Ruth Edens - Lebanon Coming to Lebanon has been about rebirth. Not only in my own life, but also in my new host country. This piece from my application to Global Ministries is the place where I began.
Coming to Lebanon has been about rebirth. Not only in my own life, but also in my new host country. This piece from my application to Global Ministries is the place where I began:
In this past year I have had rich experiences in my church and school, which have encouraged my spiritual and religious exploration. With the completion of my college experience I am in a time of transition from my student identity to a vocational identity – defining and pursing a calling. I have spent 16 years of my life identifying as a student. I feared everything – the pattern of my days, the easy friendships of school -- would just end after school was over. But I realized that my trust was growing in God's calling of me. Instead of believing that after graduation day the known world would fall apart around me, I know God had and still has a purpose for me.
Reading this a few months later, I am reminded of where I came from. I arrived in Lebanon a young woman out of college, curious about a new world, fearful of what was to come, and honestly fearful of what God might be calling me to do. Some of this is still true.
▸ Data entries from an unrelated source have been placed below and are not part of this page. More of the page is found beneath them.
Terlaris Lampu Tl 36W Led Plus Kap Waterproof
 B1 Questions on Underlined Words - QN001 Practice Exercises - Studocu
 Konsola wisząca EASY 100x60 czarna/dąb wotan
I am still discovering my vocational identity, the new pattern of my days and how to build friendships in a new culture.
Lebanon, in a way, is also being reborn. Clearly I do not share in Lebanon's past. However, Lebanon is learning the meaning of sovereignty, creating relationships amongst its own people and with its neighbors, and discovering the responsibilities that come with rebuilding including environmental and economic responsibilities.
Tim Rose, a missionary with the United Church of Christ who also served in Lebanon, came to visit last week. He commented on how much of the city had been rebuilt. Many new restaurants and cafes have popped up since he was last here. Lebanon is being reborn physically through the reconstruction of old buildings. Its architecture, a mixture of West and East reflects its mixed culture.
I am also being reborn. I am exploring my vocation and my status as an adult for the first time. I am dealing with the "adult" responsibilities. The simple acts of turning on the hot water heater, negotiating prices, hailing a cab to get to my internship are all new responsibilities, tasks that I have to do.
I am trying to negotiate this culture. I am trying to learn how to be a westerner in the Middle East. This is not something I can overlook; I am a young American woman in the Middle East --in Beirut where East meets West. I am learning this balancing act: keeping one foot at home and one foot here. I still have not made the full transition. Something that has struck me in this adventure is that we learn more about ourselves when planted in a new environment. My social norms, my faith, the old patterns of my life have all been challenged at one point or another, and I am learning to negotiate these challengeson my own. Just as Lebanon is learning on its own how to be a heady mixture of East and West and still be at peace.
Ruth Edens serves as a Global Mission Intern appointed by the Common Global Ministries Board of the Christian Church (Disciples of Christ) and the United Church of Christ. She serves as program staff of the Forum for Development Culture and Dialogue based in Beirut, Lebanon.